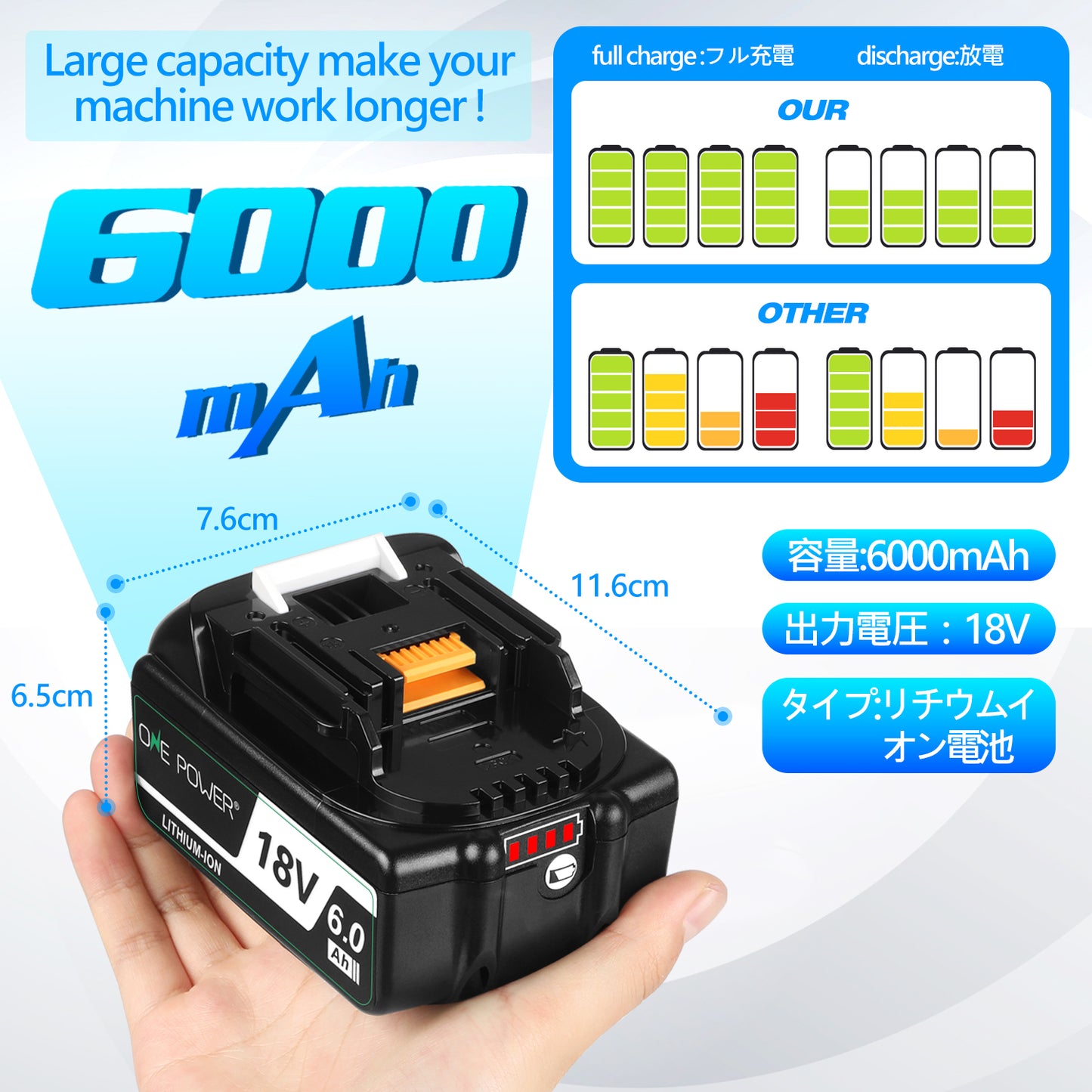 マキタ 18V バッテリー 充電器セット 6.0Ah BL1860B 互換 Waitley マキタバッテリー 18ボルト 充電器 防火材料シェルと長寿命電池セル採用 DC18RC DC18RF DC18RDなど互換 製造物責任保険付 PSE認証済品 (18V/6.0Ah 2個 + 充電器 セット)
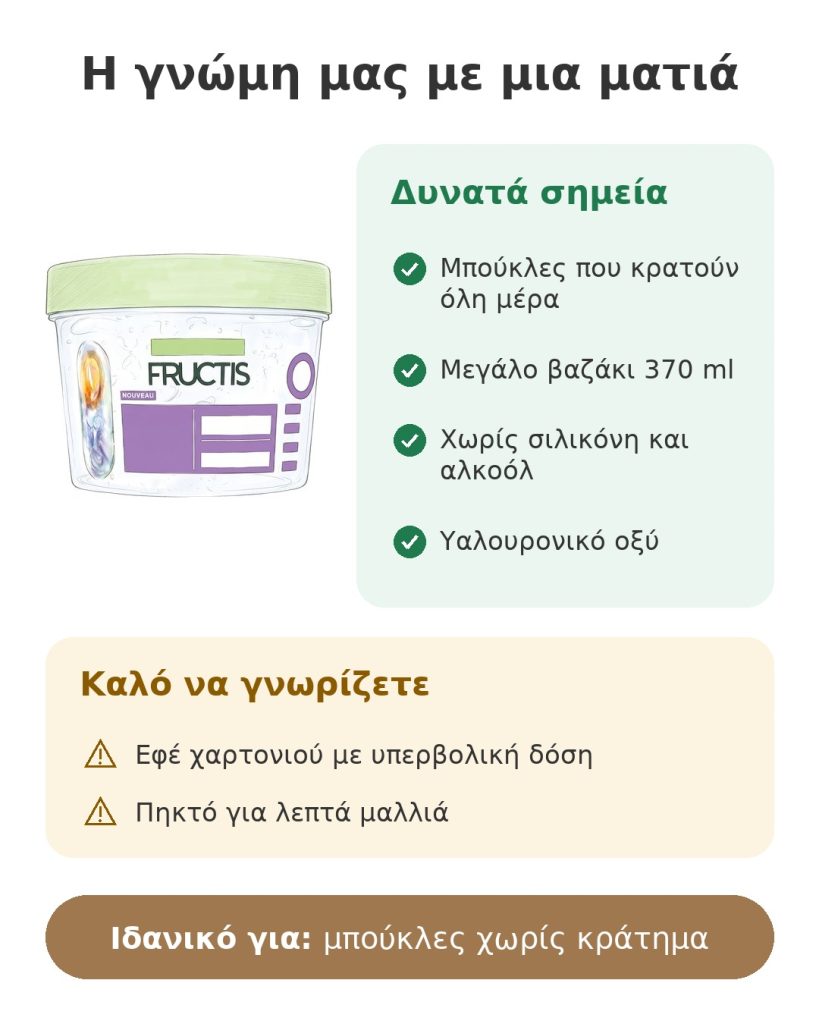 Η γνώμη μας με μια ματιά για το τζελ για μπούκλες Garnier Fructis με υαλουρονικό οξύ, βαζάκι 370 ml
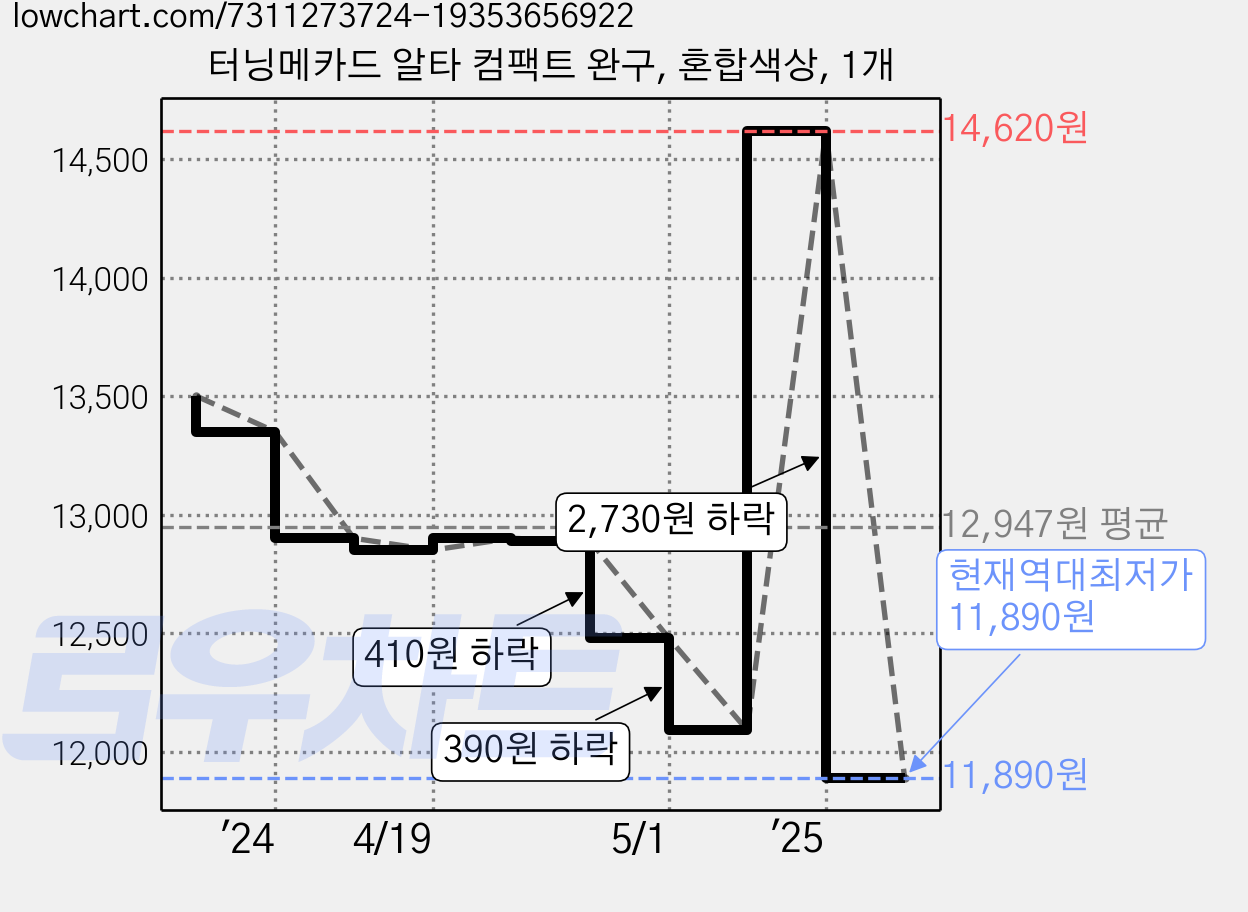 터닝메카드 알타 컴팩트 완구, 혼합색상, 1개 가격 변동 차트, 현재가 11,890원, 역대최저가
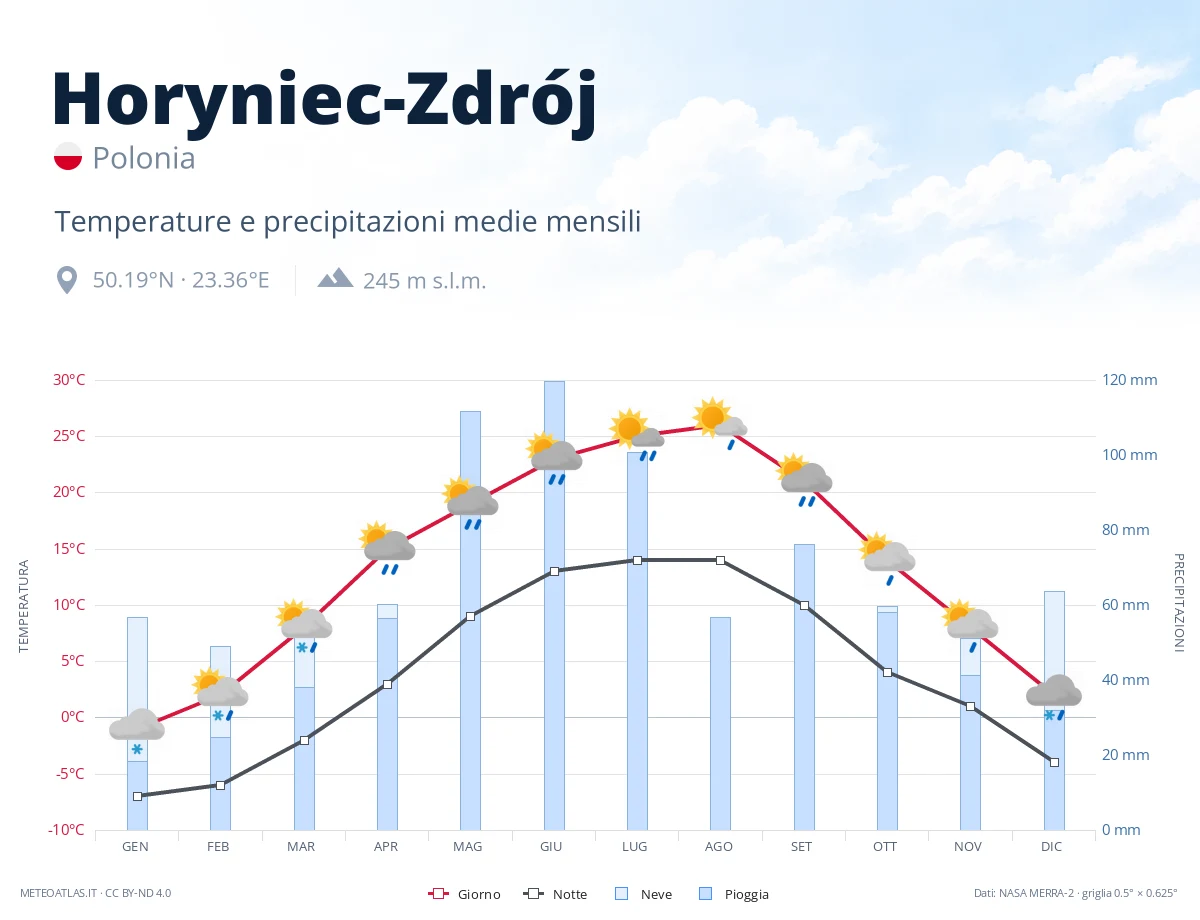 Horyniec-Zdrój - temperature e precipitazioni medie mensili
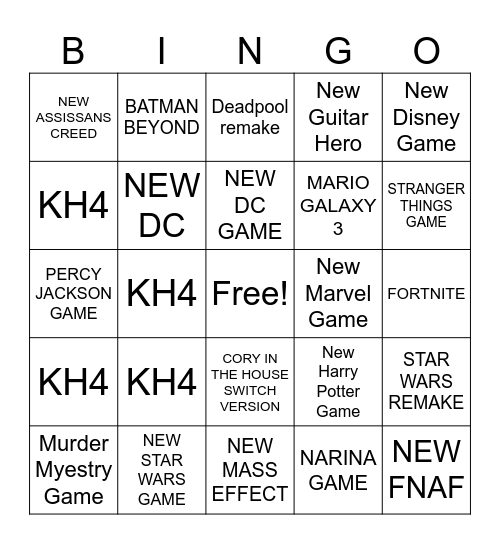 GAME AWARDS 2025 Bingo Card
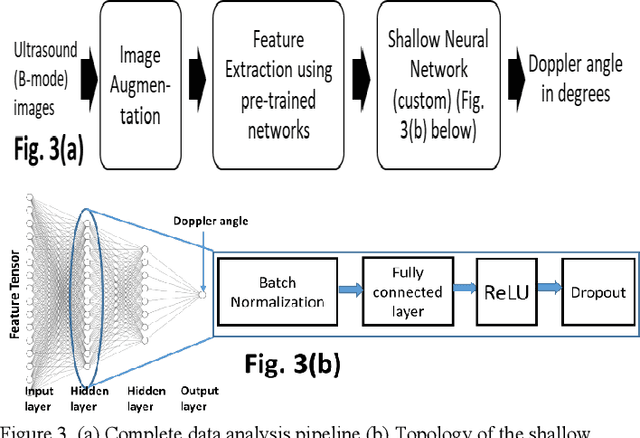 Figure 4 for Automated ultrasound doppler angle estimation using deep learning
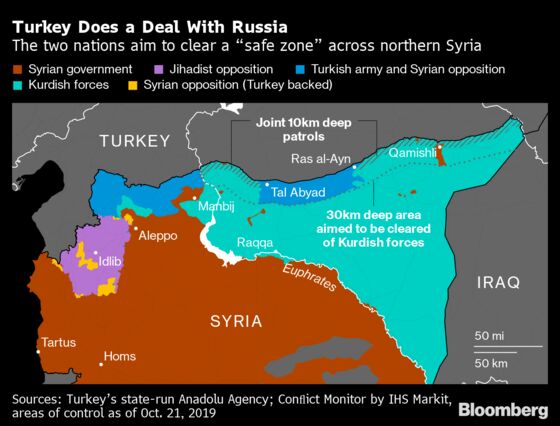 Putin Faces Syria Money Crunch After U.S. Keeps Control of Oil
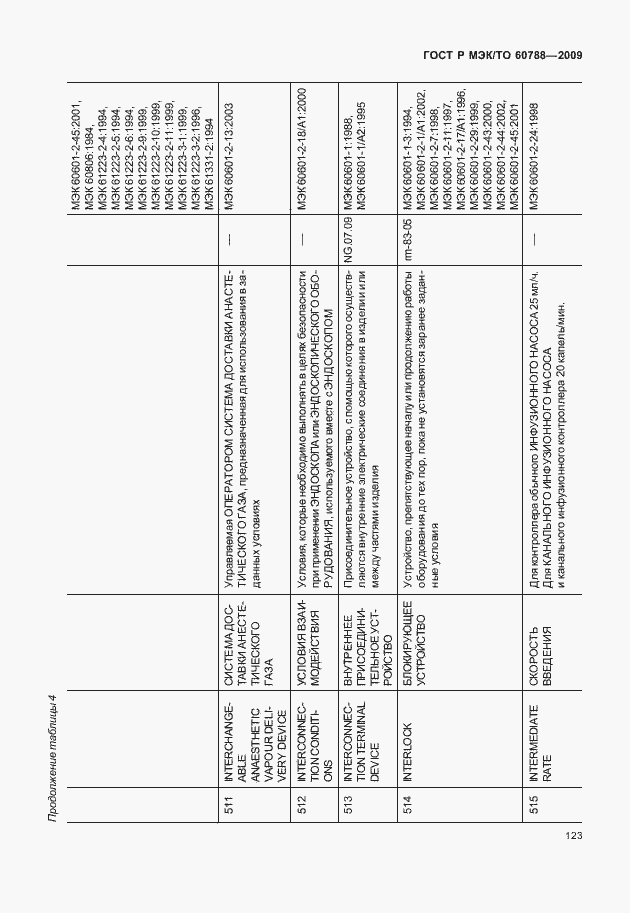 Страница 127 ГОСТ Р МЭК/ТО 60788-2009
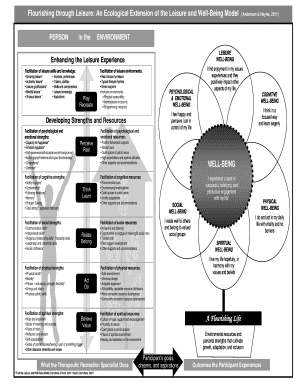 Leisure and Well Being Model  Form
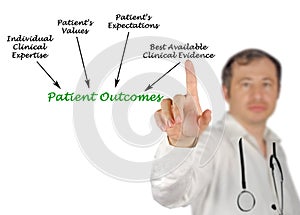 What define Patient Outcomes
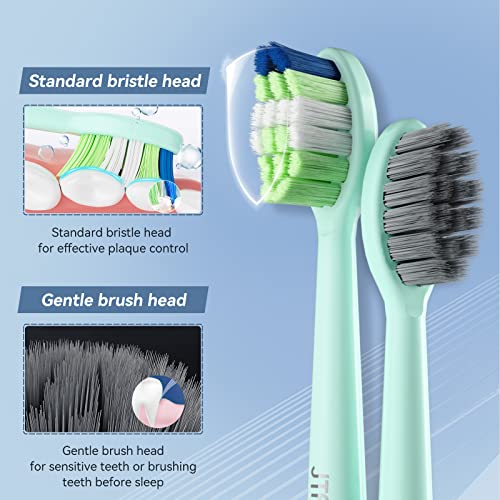 Image of JTF Electric Toothbrush for Adults with 5 Professional Modes & Smart Timer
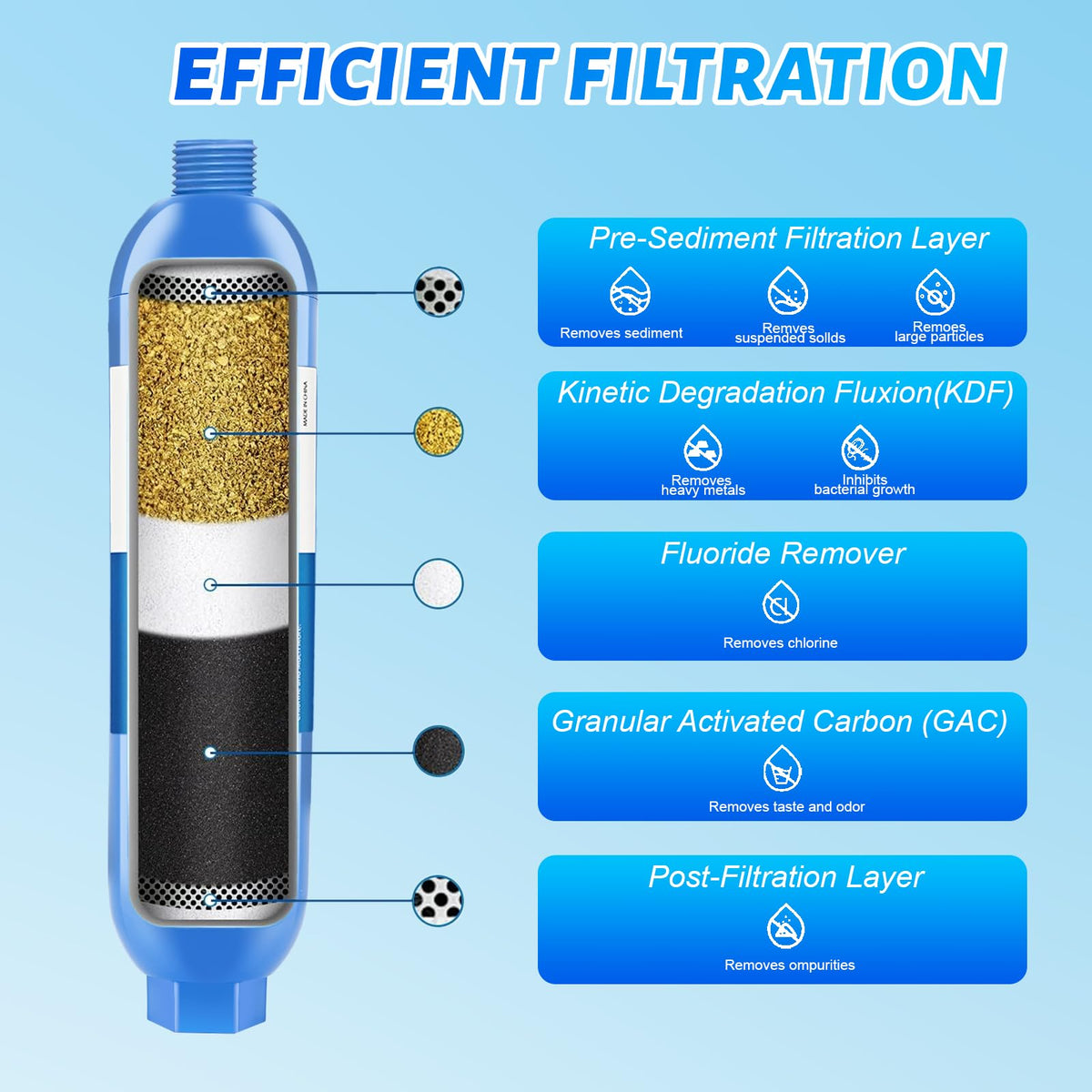 RV Inline Marine Water Filter With Flexible Hose Protector (2 Pack)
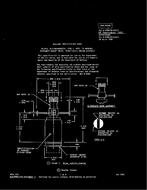 MIL MIL-R-6106/2F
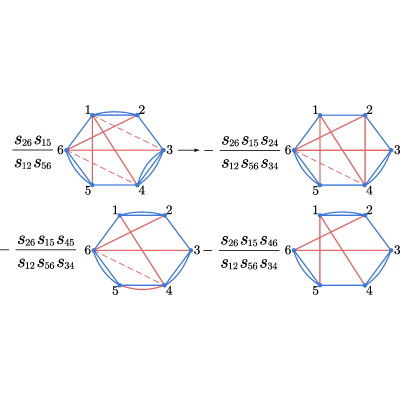 Figure 26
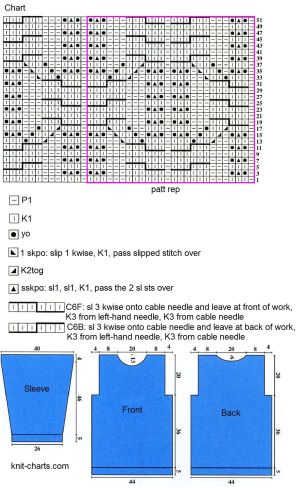 pullover chart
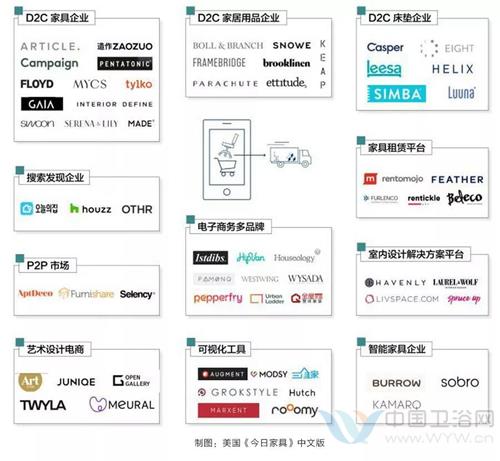 衛(wèi)浴網(wǎng) 衛(wèi)浴網(wǎng)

:::

→ **EXERCISE DETAILS**:
Copy only what lies between the line with "Putin Faces Syria" and the line with "Image of JTF", those two lines included, exactly as given above; pictures stay out.

→ **REPLY**:
 Putin Faces Syria Money Crunch After U.S. Keeps Control of Oil
 Страница 127 ГОСТ Р МЭК/ТО 60788-2009
 Leisure and Well Being Model  Form
 What define Patient Outcomes
 Image of JTF Electric Toothbrush for Adults with 5 Professional Modes & Smart Timer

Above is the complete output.